Day of Reckoning- stranded oil, widening spreads and IFO
In a presentation at The Energy Forum, a monthly gathering held in midtown New York, the discussion turned to a “Day of Reckoning”, for US produced oil, maybe starting in 2016, if restrictions on its export are not lifted.

Moderated by economist Ed Morse, who heads up Citigroup’s commodity research, speakers John Auers, evp of consultant Turner, Mason Company (TMC) and Lucian Pugliaresi of the Energy Policy Research Foundation, presented a panoply of economic and political perspectives on the knotty questions of future exports of US oil. Auers, whose background includes work at ExxonMobil, talked at length about the potential- in the absence of allowed oil exports, for what he called “stranded oil”.

Simply put, there would be more “light” oil than the US refining system could handle, if shale oil production continues to grow, but export restrictions are not lifted. In one scenario presented by Auers, “…the discounts would blow out…” as US produced light crude is severely discounted to worldwide Brent prices. Pugliarese offered a suggestion that US shale oil production could expand by a further 2.5m barrels per (bpd) day by 2020, over the present 3m bpd.

Tanker trades have already seen impacts of increased production of crudes in North America- including less movement of crudes into the refineries in Texas and Louisiana. The prohibitions on exports of the crude oil itself, the subsequent exports of refined products, have already been important influencers on the worldwide tanker market. Indeed, reduced suezmax imports from West Africa into the US East Coast set the stage for a burst of suezmax cargo moving out to the Far East- and driving up suezmax rates as high as $75,000 per day time charter equivalent.

Auers remarks also touched on another important possibility that could impact VLCCs, a situation where Saudi Arabia, part owner of the Motiva refineries in Texas and Louisiana, might reduce, or eliminate shipments of Arabian light into the US Gulf.
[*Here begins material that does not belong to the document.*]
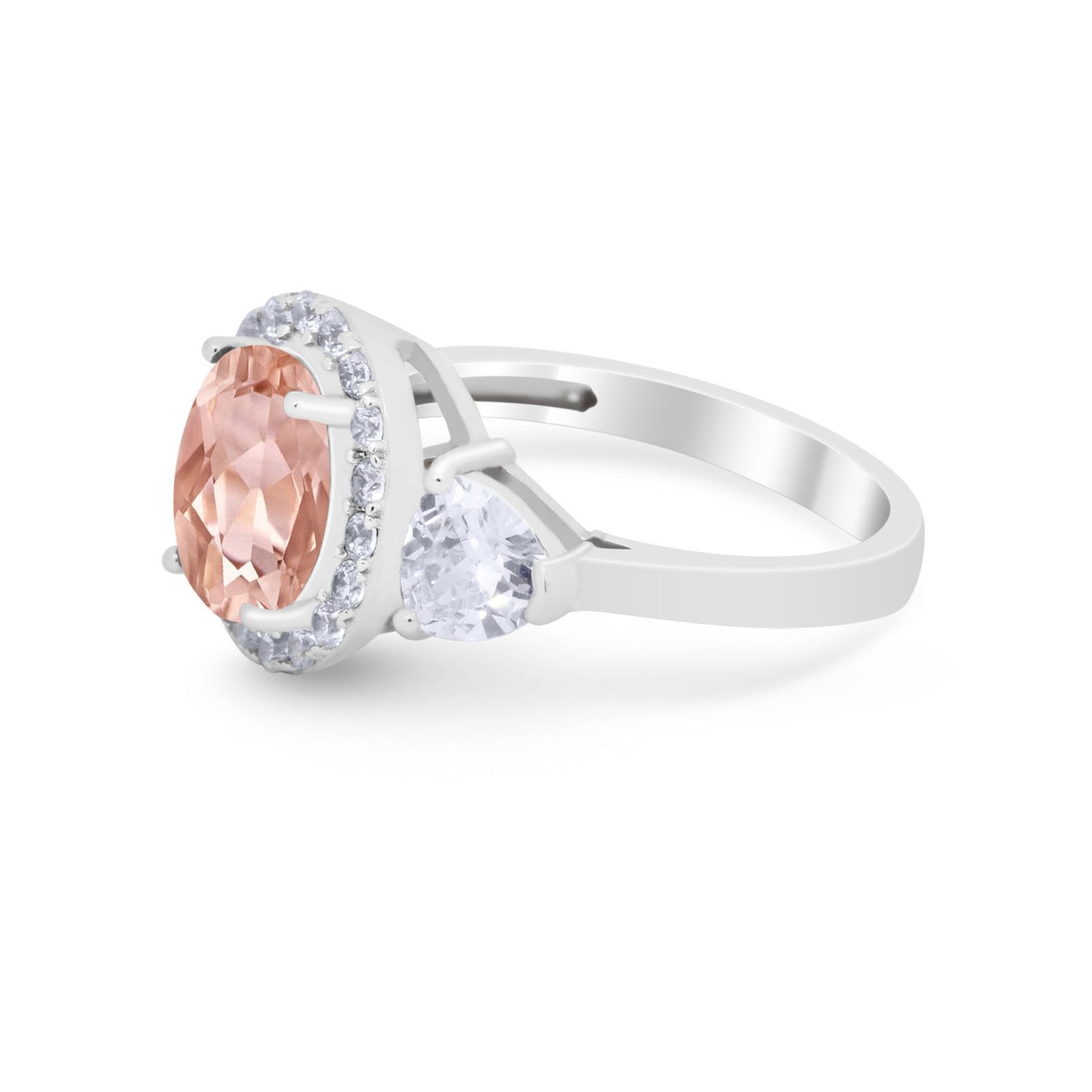 Three Stone Engagement Ring Simulated Cubic Zirconia 925 Sterling Silver BA1067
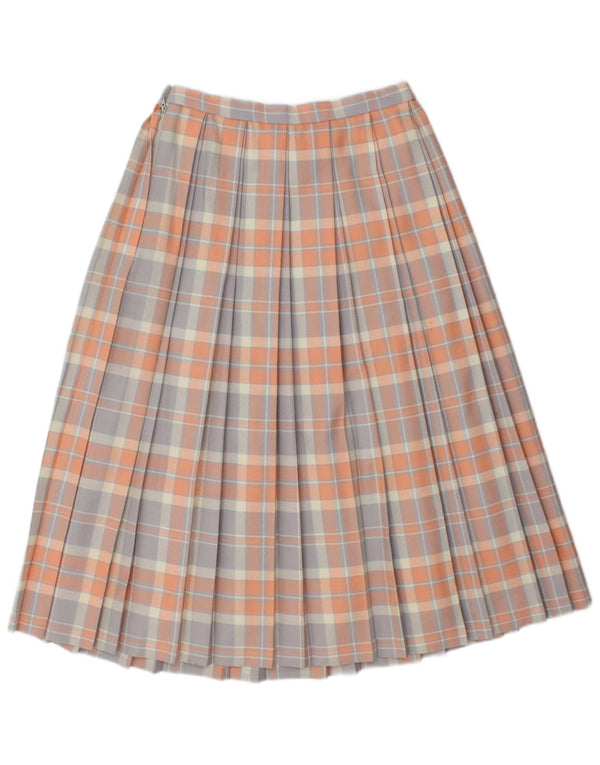 vintage Femme Couteau Plissé Jupe UK 10 Petite W26 Multicolore Nouvelle Laine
Such an action, with the Saudi’s potentially selling their oil more profitably into Asian markets, would have the impact of at least reducing the looming light oil surplus. US exports of LPG, which Pugiarese discussed at length, are likely to soar as price dramatic price differentials make US.

Though not explicitly part of the discussion, there are potentially positive implications for the shipping fuel markets; present regulations call for a close look at the availability of low sulfur fuel, to be conducted in 2018. Consider that if one scenario envisaged by Auers- a growing supply of middle distillates, as more light crude oil is processed, possibly in “hydro-skimmers” and then run through desulfurisation units, could provide an increased supply of diesel, for consumption in medium speed engines, or, perhaps, to be blended into Intermediate Fuel Oil (IFO). This is one of many possibilities.

Exports of US crude to Canada are permissible, if the oil is used in Canada. TMC’s presentation data suggest that exports to Canada, which reached 200,000 bpd, could grow to 700,000 bpd by 2018- in an optimistic scenario.

As an aside, I attended a Working Waterfront event the next night; a senior pilot told me that “…another tanker will be starting to load regularly at Albany…” referring to movements of Bakken crude that move to Canada. Maybe the second ice classed Tsakos vessel, a sister to the Afrodite, chartered, last year, to Irving Oil?